The SPV claims that corruption and abuse of power stifled economic growth and distribution, with bumiputera small and medium-sized enterprises (SMEs) contributing just 9 per cent to gross domestic product (GDP) in 2015, despite receiving more than half of government procurement contracts worth RM1.1 trillion (S$362 billion) in the preceding two decades.
It also calculated that the median bumiputera and Indian households earn only 74 and 81 per cent respectively of the incomes earned by their Chinese counterparts.
The plan aims to see bumiputera earn 90 per cent of what their countrymen make, increase the employee share of GDP from 36 to 48 per cent and ensure bumiputera enterprises contribute 20 per cent to national income by 2030.

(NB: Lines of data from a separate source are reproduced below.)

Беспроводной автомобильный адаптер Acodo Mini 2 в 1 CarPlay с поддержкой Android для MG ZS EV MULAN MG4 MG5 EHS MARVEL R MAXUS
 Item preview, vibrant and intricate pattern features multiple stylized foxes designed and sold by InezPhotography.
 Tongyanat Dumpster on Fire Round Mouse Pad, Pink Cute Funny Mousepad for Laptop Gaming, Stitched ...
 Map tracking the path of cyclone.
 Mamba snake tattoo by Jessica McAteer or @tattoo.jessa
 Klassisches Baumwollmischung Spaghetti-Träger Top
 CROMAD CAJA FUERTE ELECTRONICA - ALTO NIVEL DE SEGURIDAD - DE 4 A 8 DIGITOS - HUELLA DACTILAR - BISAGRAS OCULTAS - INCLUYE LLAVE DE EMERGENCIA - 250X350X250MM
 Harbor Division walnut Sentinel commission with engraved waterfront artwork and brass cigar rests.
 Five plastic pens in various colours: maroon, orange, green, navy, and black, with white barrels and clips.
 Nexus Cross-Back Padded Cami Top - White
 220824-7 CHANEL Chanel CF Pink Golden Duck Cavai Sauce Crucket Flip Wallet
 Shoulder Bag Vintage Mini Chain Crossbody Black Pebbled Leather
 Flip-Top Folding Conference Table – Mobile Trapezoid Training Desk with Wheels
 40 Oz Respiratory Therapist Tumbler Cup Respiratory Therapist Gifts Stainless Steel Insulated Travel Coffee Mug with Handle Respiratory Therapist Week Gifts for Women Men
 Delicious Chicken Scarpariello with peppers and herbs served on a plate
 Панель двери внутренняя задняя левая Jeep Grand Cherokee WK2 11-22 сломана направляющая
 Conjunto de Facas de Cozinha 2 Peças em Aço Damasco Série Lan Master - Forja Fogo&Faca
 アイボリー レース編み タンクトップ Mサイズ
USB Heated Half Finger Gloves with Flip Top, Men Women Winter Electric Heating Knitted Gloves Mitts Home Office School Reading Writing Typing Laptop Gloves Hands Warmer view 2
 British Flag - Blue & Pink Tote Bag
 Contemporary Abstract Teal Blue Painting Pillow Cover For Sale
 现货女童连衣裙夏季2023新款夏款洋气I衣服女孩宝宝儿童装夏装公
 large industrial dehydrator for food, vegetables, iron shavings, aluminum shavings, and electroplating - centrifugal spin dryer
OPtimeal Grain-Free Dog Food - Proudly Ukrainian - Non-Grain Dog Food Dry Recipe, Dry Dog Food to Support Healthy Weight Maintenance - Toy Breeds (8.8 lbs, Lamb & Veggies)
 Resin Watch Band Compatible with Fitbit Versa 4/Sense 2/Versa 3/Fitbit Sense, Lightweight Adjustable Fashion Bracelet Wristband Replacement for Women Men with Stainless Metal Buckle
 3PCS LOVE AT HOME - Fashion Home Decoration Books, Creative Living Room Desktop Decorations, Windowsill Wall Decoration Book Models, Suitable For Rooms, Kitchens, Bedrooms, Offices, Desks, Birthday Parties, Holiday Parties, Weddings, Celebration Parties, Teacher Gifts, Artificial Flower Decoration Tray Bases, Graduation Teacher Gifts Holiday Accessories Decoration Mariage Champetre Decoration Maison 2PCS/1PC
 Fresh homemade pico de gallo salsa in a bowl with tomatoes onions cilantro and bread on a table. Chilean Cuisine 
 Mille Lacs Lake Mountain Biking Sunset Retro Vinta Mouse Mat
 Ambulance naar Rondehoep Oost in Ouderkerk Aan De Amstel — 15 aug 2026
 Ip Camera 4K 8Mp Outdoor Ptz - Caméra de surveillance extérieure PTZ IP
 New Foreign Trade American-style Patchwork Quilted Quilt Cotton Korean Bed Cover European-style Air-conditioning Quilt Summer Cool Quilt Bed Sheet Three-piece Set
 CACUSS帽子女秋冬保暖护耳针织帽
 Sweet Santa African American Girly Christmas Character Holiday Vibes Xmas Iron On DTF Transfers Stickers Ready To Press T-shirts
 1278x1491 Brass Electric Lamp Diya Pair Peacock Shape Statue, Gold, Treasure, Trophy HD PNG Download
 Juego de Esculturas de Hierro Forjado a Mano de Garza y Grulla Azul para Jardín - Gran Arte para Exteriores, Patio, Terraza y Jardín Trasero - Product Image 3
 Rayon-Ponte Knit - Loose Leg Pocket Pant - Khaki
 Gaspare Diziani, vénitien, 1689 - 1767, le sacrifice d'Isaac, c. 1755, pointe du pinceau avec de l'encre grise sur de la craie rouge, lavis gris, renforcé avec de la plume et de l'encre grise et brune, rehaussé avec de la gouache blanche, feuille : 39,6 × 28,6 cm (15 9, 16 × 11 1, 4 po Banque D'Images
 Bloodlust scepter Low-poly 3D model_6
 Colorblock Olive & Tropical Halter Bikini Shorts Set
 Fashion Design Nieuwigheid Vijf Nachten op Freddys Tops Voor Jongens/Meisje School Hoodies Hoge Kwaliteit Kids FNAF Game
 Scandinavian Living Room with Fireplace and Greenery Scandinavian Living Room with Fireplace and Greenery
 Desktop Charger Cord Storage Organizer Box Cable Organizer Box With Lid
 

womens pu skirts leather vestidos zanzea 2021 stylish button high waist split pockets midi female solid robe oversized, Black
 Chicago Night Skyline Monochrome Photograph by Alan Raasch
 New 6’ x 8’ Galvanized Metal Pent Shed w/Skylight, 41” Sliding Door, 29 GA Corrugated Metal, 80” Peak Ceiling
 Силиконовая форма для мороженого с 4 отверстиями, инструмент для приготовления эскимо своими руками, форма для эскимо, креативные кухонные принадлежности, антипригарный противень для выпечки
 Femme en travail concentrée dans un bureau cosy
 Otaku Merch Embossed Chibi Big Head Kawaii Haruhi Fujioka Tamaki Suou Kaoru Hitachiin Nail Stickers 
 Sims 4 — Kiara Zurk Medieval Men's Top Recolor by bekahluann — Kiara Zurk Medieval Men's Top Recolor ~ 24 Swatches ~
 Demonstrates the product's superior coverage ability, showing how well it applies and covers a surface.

In comparison, the employee compensations in Singapore, South Korea and Germany are 39.7, 45.7 and 51.5 per cent of GDP respectively, according to the Organisation for Economic Cooperation and Development.
To achieve this, Malaysia says it needs to shed its reliance on commodities and low technology. Currently high technology is adopted by only 37 per cent of the manufacturing sector and 20 per cent of the services sector.
Yesterday's launch comes just three weeks after the country's two largest Malay Muslim parties, Umno and Parti Islam SeMalaysia (PAS), formed an opposition pact to address what they say are concerns that Malay interests are being sidelined by the PH government.
Today, both parties will attend a Malay Dignity Congress officiated by Dr Mahathir, a gathering at which the leader hopes to shore up Malay support for his Pakatan Harapan coalition, according to political pundits. A top PH official told The Sunday Times that "we rushed to launch the SPV so that Tun can explain it to the congress".